Domínguez dibujaba imágenes de su infancia: la madre bordándole el nombre en la cotona café con leche y el padre, tras el turno de noche, dejándole su colación en el velador. No había otra salida, meditaba con una expresión afirmativa estampada en el espejo interior del V 16. Había que rescatarlos, ésa era la misión que trazó en el parabrisas como un lugarteniente planificando la invasión con tanques y soldados en un mapa ficticio. La fila de vehículos comenzaba a moverse. Se los traería a su casa de campo en Colina, con aire fresco, algunos caballos, gallinas y pavos, y con bastante espacio para que ellos reconstruyeran parte de su pasado y malherido corazón.
Un halo de grandeza y felicidad iluminó el interior del automóvil, por lo que intentó al mismo tiempo acelerar, cruzar la autopista y contestar el teléfono. Gritarles que iba a buscarlos, de inmediato, que tomaría la Norte Sur, y que en tres horas estaba con ellos. Que los quería sin medida, a su lado, y que le perdonaran todo este período de destierro. Se escuchó una carcajada y notó como otros coches bocinaban salir de ese taco.
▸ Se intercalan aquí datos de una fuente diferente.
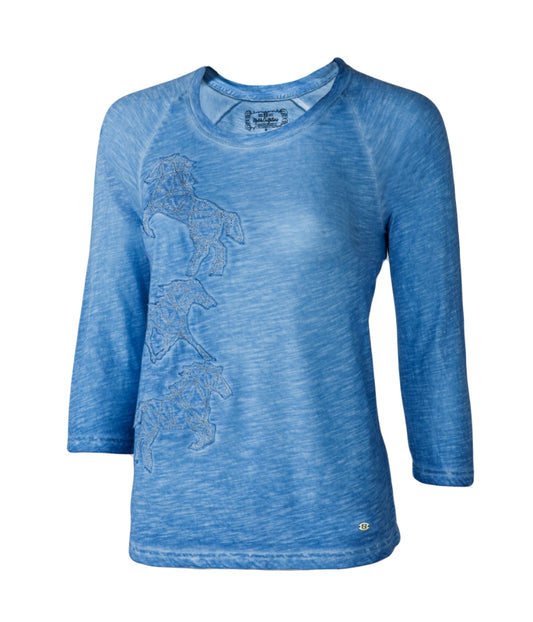 Noble Outfitters 21530-774 Womens Washed Horses Shirt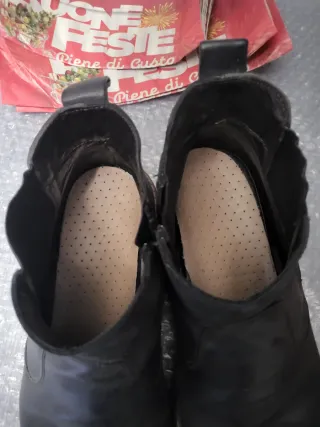 Stivaletti Imac in Pelle Grigio N.45 made in Italy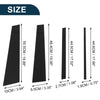 Honda Ridgeline (2017-2023) Black 8 Pcs Door Pillar Window Trim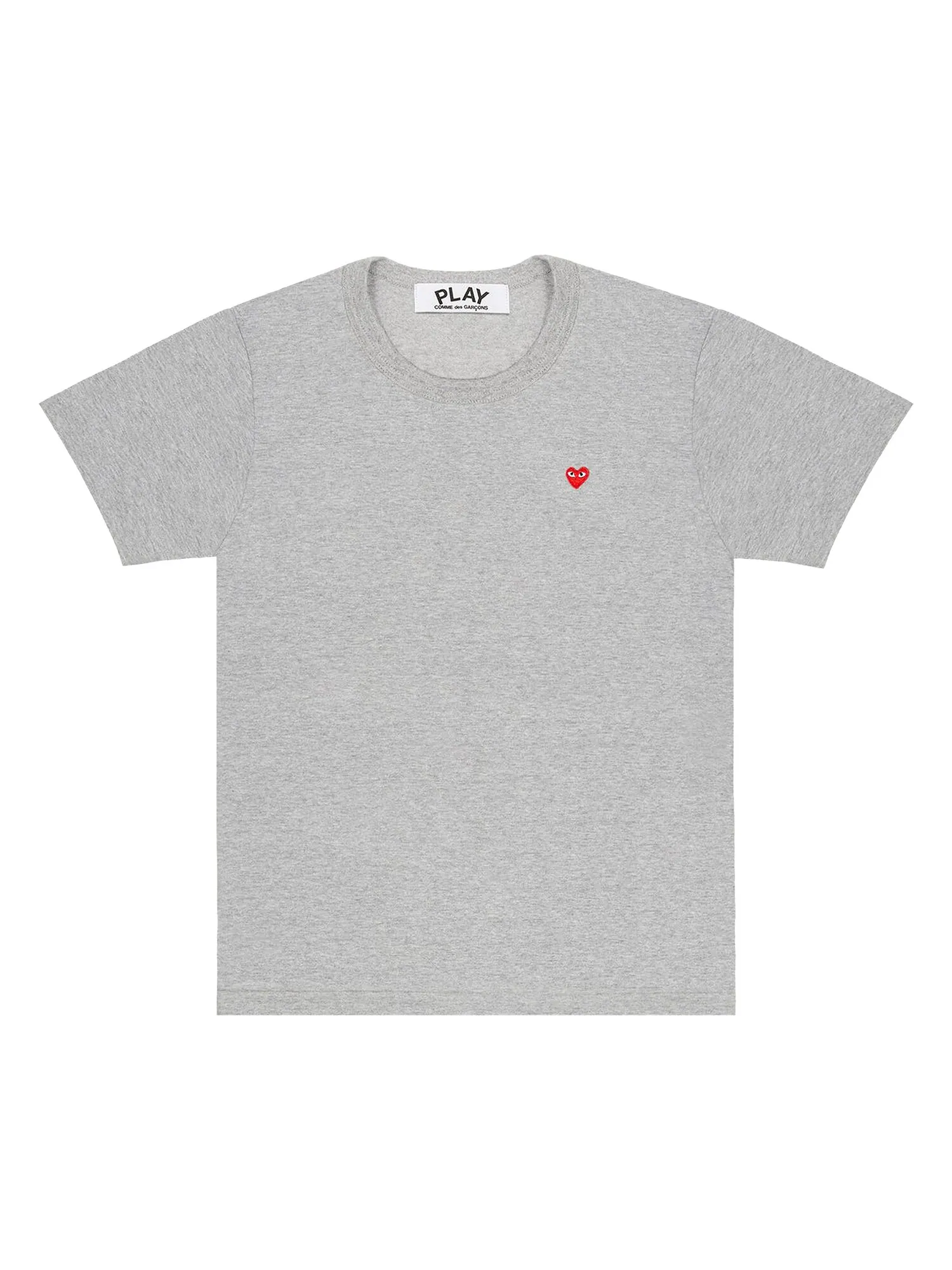 Футболка Comme des Garçons PLAY с маленьким сердечком — изображение 1 из 1, серый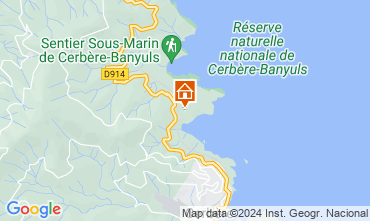 Map Banyuls-sur-Mer Apartment 123861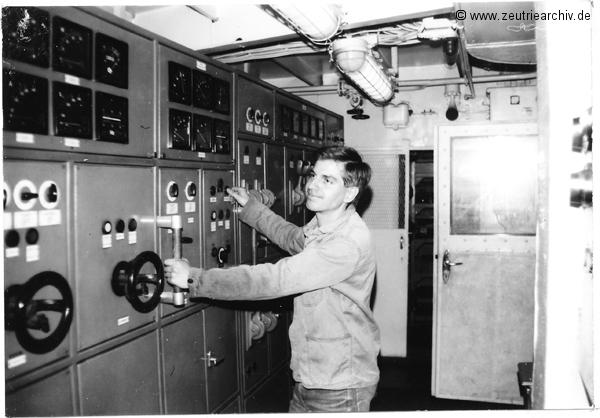 MS Zeulenroda 2. Techn. Offizier an der Elektroverteilung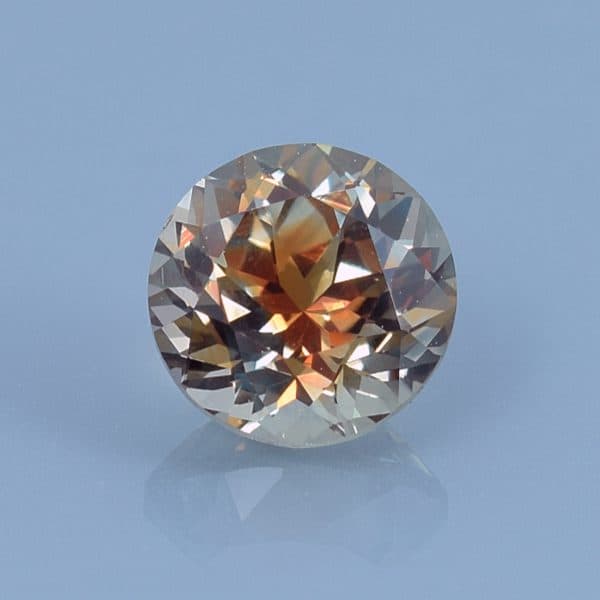 Finished version of Custom Round Brilliant Cut Sapphire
Una fuerza ajena le estimuló a salir veloz, considerando que la verde del semáforo le daba de frente. Hundió embrague, hizo cambio y aceleró más con el alma que con el pie, viendo en el horizonte el abrazo eterno de sus padres que lo recibían tan felices, como la vez que les obsequió el título universitario o la medalla de campeón de liga escolar. Esa sonrisa quedó marcada en el retrovisor, al tiempo que se agachó hacia la derecha para contestar el celular y cantarles: “Los quiero viejos...y perdonen...”.
Un ruido seco, como derrumbe de hojalatería y concreto, acompañado de trizaduras de vidrio y frenadas, se unió a esa corta respuesta. La conversación se interrumpió por unos segundos. El cuerpo de Domínguez yacía sangriento fuera del vehículo y a metros suyo el teléfono aún sin cortarse la llamada, pues se escuchaban sollozantes voces.